Hmmm. I have a postgres ingestion where I am togg...
# troubleshoot
m
Hmmm. I have a postgres ingestion where I am toggling profiling to true and when I do ingestion fails with
permission denied for table someschema.blahblahblah
…but the user connecting to the instance can query said tables, validated via Postgres CLI. It is failing every table even though the user has select on all tables via role membership. Help! Ingestion script follows:
Copy code
source:
    type: postgres
    config:
        host_port: 'somepostgreshost:port'
        database: someuserdatabase
        username: avaliduser
        password: '${userpassword}'
        schema_pattern:
            allow:
                - public
        include_tables: true
        include_views: true
        profiling:
            enabled: true
sink:
    type: datahub-rest
    config:
        server: '<http://datahub-gms:8080>'
Error text snippet:
Copy code
['Profiling exception (psycopg2.errors.InsufficientPrivilege) permission denied for "
           "table '\n"
l
@chilly-holiday-80781 ^
c
Hey @mysterious-portugal-30527! This looks pretty weird. Does one of your tables have any name that looks like this? Might be some string parsing error.
m
That was a partial clip of the error I did not want to share my actual table names but the table names are valid identifiers, they are not reserved words.
l
@mysterious-portugal-30527 can you try with
Copy code
"schema_pattern": {
    "deny": ["information_schema"]
}
m
will give er a go!
c
I think the issue here isn’t with the schema_pattern but with the permission setup / potentially any manipulation of the table names if it’s actually a table not found error. The schema_pattern here only has the effect of excluding tables, whereas here we are worried about the ingestion trying to access a table it supposedly does not have access to
m
…and it crashed datahub
Copy code
datahub docker check
The following issues were detected:
- datahub-gms is not running
More detailed error, still failed after restart of datahub with requested change to ingestion script:
Copy code
'prodcat_mlflow_svc.public.tags': ['Profiling exception (psycopg2.errors.InsufficientPrivilege) permission denied for "

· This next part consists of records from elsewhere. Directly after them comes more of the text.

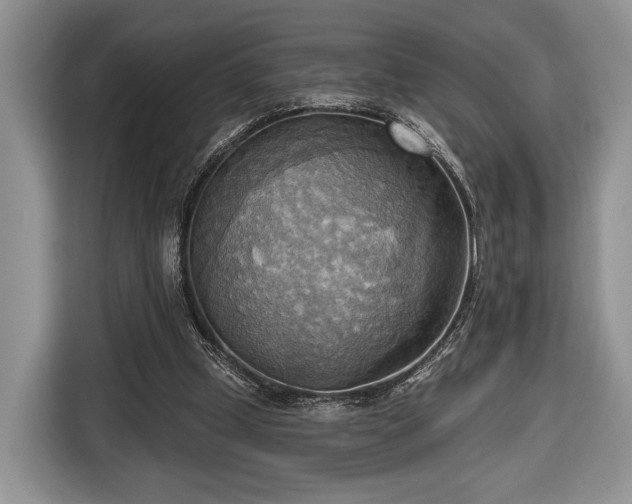 X0000116650249200912211453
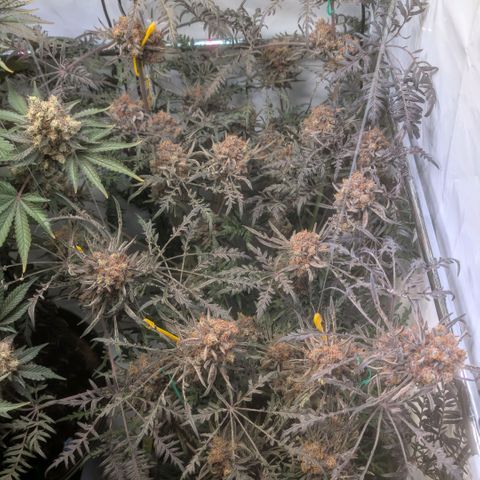 Frosty's Purple Freak  growlog timeline photo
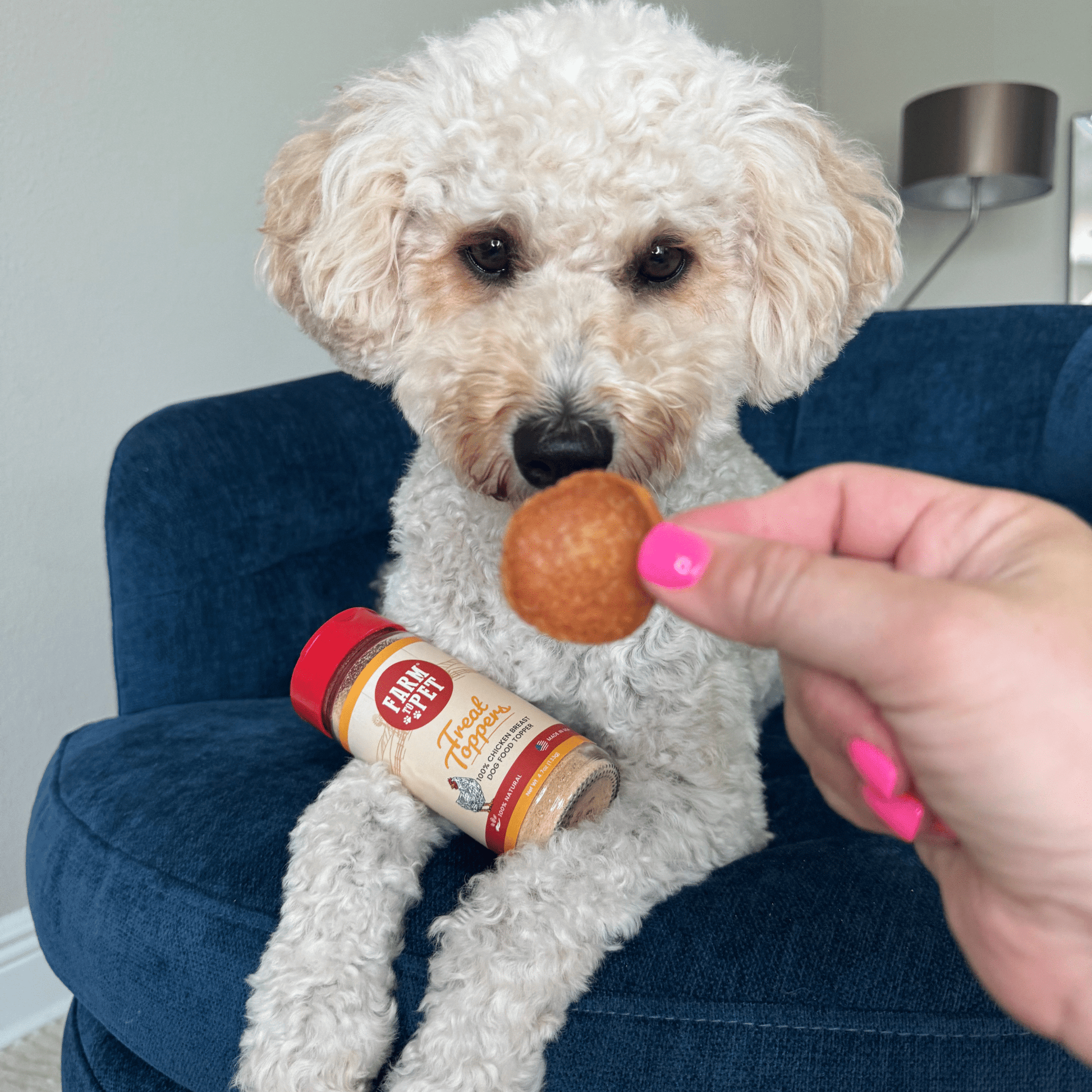 Treat Topper Chicken Dog Food Topper | Healthy Meal Supplement for Dogs - Boske.store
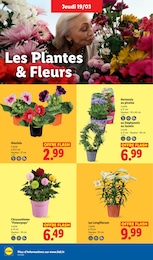 Offre Jardinage dans le catalogue Lidl du moment à la page 26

           "table tags\\n'\n"
           "                                                 '\\n'\n"
           "                                                 '[SQL: SELECT count(*) AS count_1 \\n'\n"
           "                                                 'FROM public.tags]\\n'\n"
           "                                                 '(Background on this error at: <http://sqlalche.me/e/13/f405)']>},\n"
           " 'tables_scanned': 10,\n"
           " 'views_scanned': 0,\n"
           " 'entities_profiled': 10,\n"
           " 'filtered': ['information_schema.*'],\n"
           " 'soft_deleted_stale_entities': [],\n"
           " 'query_combiner': {'total_queries': 50,\n"
           "                    'uncombined_queries_issued': 50,\n"
           "                    'combined_queries_issued': 10,\n"
           "                    'queries_combined': 10,\n"
           "                    'query_exceptions': 10}}\n"
           'Sink (datahub-rest) report:\n'
           "{'records_written': 27,\n"
           " 'warnings': [],\n"
           " 'failures': [],\n"
           " 'downstream_start_time': datetime.datetime(2022, 3, 2, 22, 21, 24, 213217),\n"
           " 'downstream_end_time': datetime.datetime(2022, 3, 2, 22, 21, 26, 371107),\n"
           " 'downstream_total_latency_in_seconds': 2.15789}\n"
           '\n'
           'Pipeline finished with failures\n',
           "2022-03-02 22:21:28.116367 [exec_id=4e3ce6f9-767b-40f2-ad08-93729d4634ab] INFO: Failed to execute 'datahub ingest'",
           '2022-03-02 22:21:28.122718 [exec_id=4e3ce6f9-767b-40f2-ad08-93729d4634ab] INFO: Caught exception EXECUTING '
           'task_id=4e3ce6f9-767b-40f2-ad08-93729d4634ab, name=RUN_INGEST, stacktrace=Traceback (most recent call last):\n'
           '  File "/usr/local/lib/python3.9/site-packages/acryl/executor/execution/default_executor.py", line 119, in execute_task\n'
           '    self.event_loop.run_until_complete(task_future)\n'
           '  File "/usr/local/lib/python3.9/site-packages/nest_asyncio.py", line 81, in run_until_complete\n'
           '    return f.result()\n'
           '  File "/usr/local/lib/python3.9/asyncio/futures.py", line 201, in result\n'
           '    raise self._exception\n'
           '  File "/usr/local/lib/python3.9/asyncio/tasks.py", line 256, in __step\n'
           '    result = coro.send(None)\n'
           '  File "/usr/local/lib/python3.9/site-packages/acryl/executor/execution/sub_process_ingestion_task.py", line 115, in execute\n'
           '    raise TaskError("Failed to execute \'datahub ingest\'")\n'
           "acryl.executor.execution.task.TaskError: Failed to execute 'datahub ingest'\n"]}
Execution finished with errors.
c
So it looks like this is a profiling error—can you check if the table is successfully ingested when profiling is turned off?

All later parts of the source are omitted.